Exclusão dos veículos elétricos e as críticas ao projeto

A exclusão dos carros elétricos, que são 100% livres de emissões de carbono, foi uma decisão polêmica. A justificativa do governo paulista é que a medida prioriza o fortalecimento da cadeia produtiva local, com foco no etanol como combustível renovável produzido no Brasil. Contudo, essa escolha foi interpretada por muitos como uma limitação ao avanço de tecnologias mais limpas.

Especialistas apontam que, embora os veículos híbridos sejam uma opção intermediária, a adoção de veículos totalmente elétricos representa um passo essencial para a transição energética. Além disso, estados como o Distrito Federal, que isentam tanto híbridos quanto elétricos, têm mostrado resultados positivos na ampliação do uso de tecnologias sustentáveis.

Comparativo com políticas de outros estados

A adoção de políticas voltadas para a isenção do IPVA varia entre as unidades federativas no Brasil. Alguns exemplos incluem:

  1. Distrito Federal: Isenção total para veículos híbridos e elétricos, promovendo ambas as tecnologias.
  2. Pernambuco: Isenção total para veículos elétricos, mas não para híbridos.
  3. Bahia: Benefícios fiscais amplos para carros elétricos, sem restrições de tempo.
  4. Rio Grande do Sul: Alíquotas reduzidas para elétricos e híbridos.
  5. Alagoas: Isenção inicial para elétricos, com taxas reduzidas nos anos subsequentes.

A diversidade de abordagens reflete as diferentes prioridades regionais, que vão desde o incentivo à produção local até a promoção de tecnologias inovadoras. São Paulo, ao focar no etanol e em híbridos, busca alavancar sua cadeia produtiva agrícola e tecnológica, mas pode perder espaço no mercado crescente de carros elétricos.

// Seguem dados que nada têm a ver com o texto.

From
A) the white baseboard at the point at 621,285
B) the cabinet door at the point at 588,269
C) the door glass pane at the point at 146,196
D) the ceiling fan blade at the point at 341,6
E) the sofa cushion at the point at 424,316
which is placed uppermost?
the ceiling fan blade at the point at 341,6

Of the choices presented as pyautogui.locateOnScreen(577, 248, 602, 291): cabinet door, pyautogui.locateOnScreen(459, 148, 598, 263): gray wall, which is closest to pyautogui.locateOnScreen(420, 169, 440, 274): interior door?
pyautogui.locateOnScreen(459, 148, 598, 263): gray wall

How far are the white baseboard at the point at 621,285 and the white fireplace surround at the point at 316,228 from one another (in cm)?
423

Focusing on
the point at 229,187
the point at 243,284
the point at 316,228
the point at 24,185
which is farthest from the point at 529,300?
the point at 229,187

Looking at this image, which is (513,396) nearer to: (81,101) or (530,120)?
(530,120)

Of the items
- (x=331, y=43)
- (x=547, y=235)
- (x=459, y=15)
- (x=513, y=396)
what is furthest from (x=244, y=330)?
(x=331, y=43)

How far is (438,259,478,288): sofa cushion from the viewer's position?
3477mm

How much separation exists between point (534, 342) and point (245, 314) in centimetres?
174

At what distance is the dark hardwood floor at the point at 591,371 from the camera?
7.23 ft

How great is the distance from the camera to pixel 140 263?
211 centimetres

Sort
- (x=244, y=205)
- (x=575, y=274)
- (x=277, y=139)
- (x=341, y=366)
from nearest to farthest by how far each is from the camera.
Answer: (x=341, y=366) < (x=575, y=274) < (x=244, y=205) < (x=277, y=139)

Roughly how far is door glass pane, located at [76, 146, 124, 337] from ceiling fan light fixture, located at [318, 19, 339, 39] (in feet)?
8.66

Impactos econômicos e industriais

O incentivo à produção e ao uso de veículos híbridos pode gerar benefícios econômicos significativos. Montadoras que fabricam veículos híbridos no Brasil, como Toyota e Honda, têm a oportunidade de expandir sua participação no mercado. Além disso, a produção de etanol, um combustível renovável, é fortalecida, gerando empregos e investimento na infraestrutura agrícola.

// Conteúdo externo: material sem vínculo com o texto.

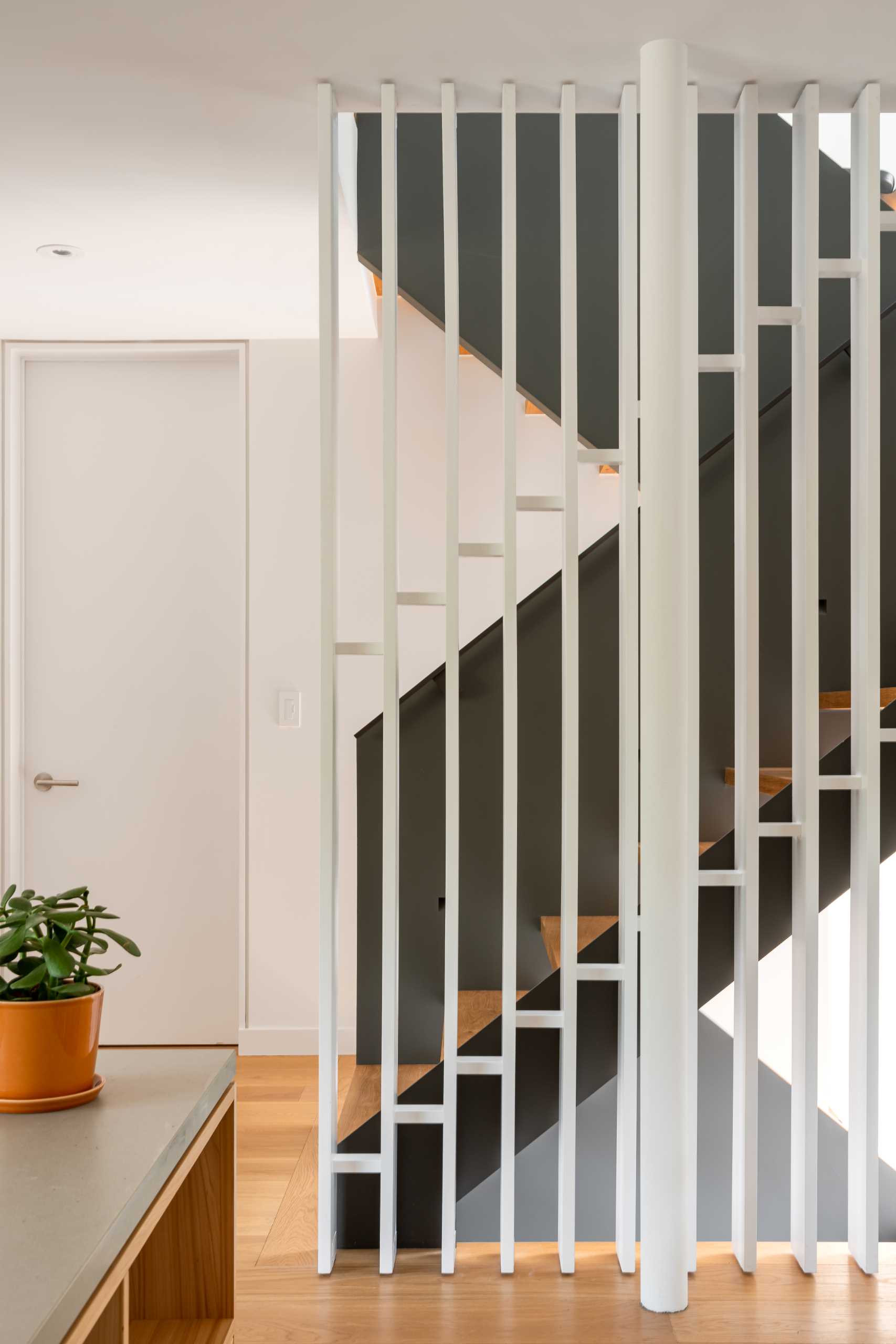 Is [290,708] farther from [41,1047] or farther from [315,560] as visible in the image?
[41,1047]

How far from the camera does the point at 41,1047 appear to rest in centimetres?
118

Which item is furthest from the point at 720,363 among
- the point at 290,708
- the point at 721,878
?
the point at 290,708

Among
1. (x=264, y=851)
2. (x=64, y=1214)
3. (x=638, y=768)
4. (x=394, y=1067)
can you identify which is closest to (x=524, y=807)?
(x=638, y=768)

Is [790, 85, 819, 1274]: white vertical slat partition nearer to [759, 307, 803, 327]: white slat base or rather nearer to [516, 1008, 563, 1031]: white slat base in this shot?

Por outro lado, a exclusão dos carros elétricos pode restringir o crescimento desse mercado em São Paulo, especialmente em um momento em que os consumidores demonstram maior interesse por opções mais sustentáveis. Essa decisão também pode direcionar investimentos para outros estados que oferecem isenções mais amplas.

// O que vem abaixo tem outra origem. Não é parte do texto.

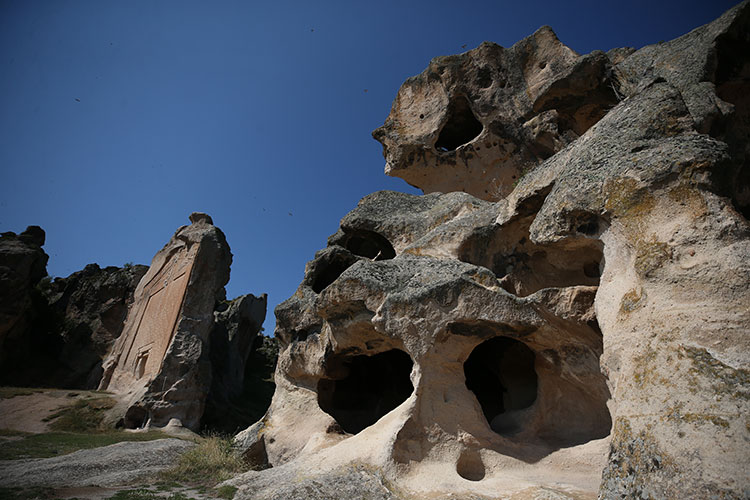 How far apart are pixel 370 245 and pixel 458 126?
468cm

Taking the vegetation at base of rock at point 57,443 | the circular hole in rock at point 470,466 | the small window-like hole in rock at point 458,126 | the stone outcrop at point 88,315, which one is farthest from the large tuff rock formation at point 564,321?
the stone outcrop at point 88,315

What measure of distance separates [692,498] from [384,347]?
4644 millimetres

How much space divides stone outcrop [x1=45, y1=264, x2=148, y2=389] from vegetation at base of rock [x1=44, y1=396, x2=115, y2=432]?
18.9ft

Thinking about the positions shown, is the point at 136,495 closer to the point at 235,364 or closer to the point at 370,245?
the point at 370,245

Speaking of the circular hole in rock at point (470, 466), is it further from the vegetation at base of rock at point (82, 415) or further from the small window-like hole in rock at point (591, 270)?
the vegetation at base of rock at point (82, 415)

Benefícios ambientais da isenção do IPVA

A isenção do IPVA para veículos híbridos e movidos a hidrogênio é um passo positivo na redução de emissões de gases de efeito estufa. Comparados a veículos movidos exclusivamente a gasolina ou diesel, híbridos podem reduzir significativamente as emissões de CO₂, especialmente quando utilizam etanol como combustível principal. Veículos movidos a hidrogênio, por sua vez, não emitem poluentes, tornando-os uma das opções mais limpas disponíveis.

Além disso, o uso de biometano em caminhões e ônibus contribui para a redução da poluição atmosférica, principalmente em áreas urbanas densamente povoadas. Essa medida alinha-se aos esforços globais para combater as mudanças climáticas e melhorar a qualidade do ar.

Dados estatísticos sobre emissões e mercado de veículos limpos

  • Um veículo híbrido pode reduzir até 40% das emissões de CO₂ em comparação a modelos movidos a gasolina.
  • O Brasil é o maior produtor de etanol de cana-de-açúcar no mundo, com uma produção estimada em 35 bilhões de litros anuais.
  • Em 2023, a frota de carros elétricos e híbridos no Brasil cresceu 55%, atingindo mais de 140 mil veículos.

Esses números demonstram o potencial de crescimento do mercado de veículos limpos no Brasil e destacam a importância de políticas públicas para apoiar essa transição.

Diante das críticas, há expectativas de que o governo de São Paulo possa revisar a exclusão dos veículos elétricos no futuro. A crescente demanda por carros elétricos e a pressão de fabricantes e consumidores podem levar a uma ampliação dos benefícios fiscais para incluir essa categoria.

Além disso, a discussão sobre incentivos fiscais para veículos elétricos está em alta em outras esferas governamentais, com propostas que visam uniformizar as políticas em todo o país.